Les belles âmes
                                Lydie Salvayre
 
  Editions du Seuil
  2000
  156 pages
Note : 13/20

Il y avait le tourisme vert, le tourisme sexuel, les voyages du troisième âge… Désormais grâce à Real Voyages existent les voyages chez les pauvres. Comme on va au zoo voir des bêtes en cage, ce voyagiste organise des tours pour aller à la rencontre de la pauvreté en Europe. De Paris à Bruxelles, de Berlin à Milan, un car rempli de bourgeois sillonne les cités et autres ZEP à la recherche... A la recherche de quoi ? De bonne conscience ? De voyeurisme ? De sociologie ? Car tels les nouveaux sociologues de notre époque, ces voyageurs vont se frotter au réel, côtoient les pauvres comme s'ils étaient une sorte de tribu sauvage et ainsi « s'instruisent sur la question des défavorisés en Europe ». Etonnant, non ? Impossible ! Ou terriblement visionnaire ?
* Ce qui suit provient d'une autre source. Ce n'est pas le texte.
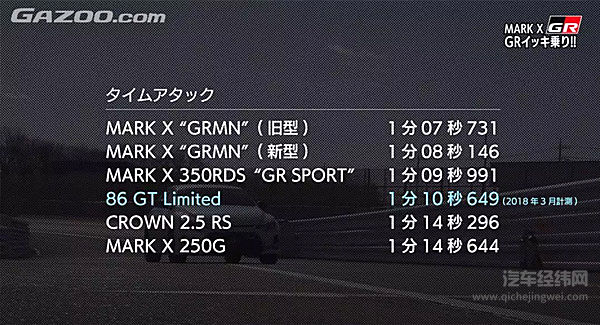 再见锐志，向过去的丰田说再见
En effectuant ce voyage dans les pourrissoirs de l'Europe, poursuit l'accompagnateur, vous avez opté courageusement pour une descente vers le réel. Car ce voyage, mesdames, messieurs, n'est rien d'autre qu'une descente vers le réel. Cette cité c'est le réel. Le réel s'y réalise. Jusqu'à devenir cauchemar. Les choses y sont les choses, comprenez-vous cela ? les choses. Dans leur horrible crudité. Dans leur totale insignifiance. Posées là à la hâte et n'importe comment. Sans nul éclairage capable de les transfigurer. Sans nulle théogonie qui transmue leur nature. Sans passé, sans histoire, sans rien qui les magnifie ou les allège ou les révèle à leur énigme. Et cette trivialité atroce qui écrase ses habitants vous écrasera à votre tour. Votre âme alors entrera en crainte. Vous vous sentirez avilis. Ensuite viendra pour vous le temps de la méditation. Et celui des larmes.
Les touristes stupéfaits par ces sermons, et comme frappés de sottise, restent plantés entre les blocs H et I.
Vus à distance, ils tranchent nettement sur le décor. Bien que l'accompagnateur leur ait recommandé de se vêtir avec simplicité, ils sont atrocement voyants. Des intrus. Des cibles vivantes. Brusquement, ils aimeraient se tapir, disparaître. Pendant quelques instants, pendant quelques instants seulement, ils éprouvent, à l'instar d'Olympe, le sentiment d'être de trop. Moment à marquer d'une croix.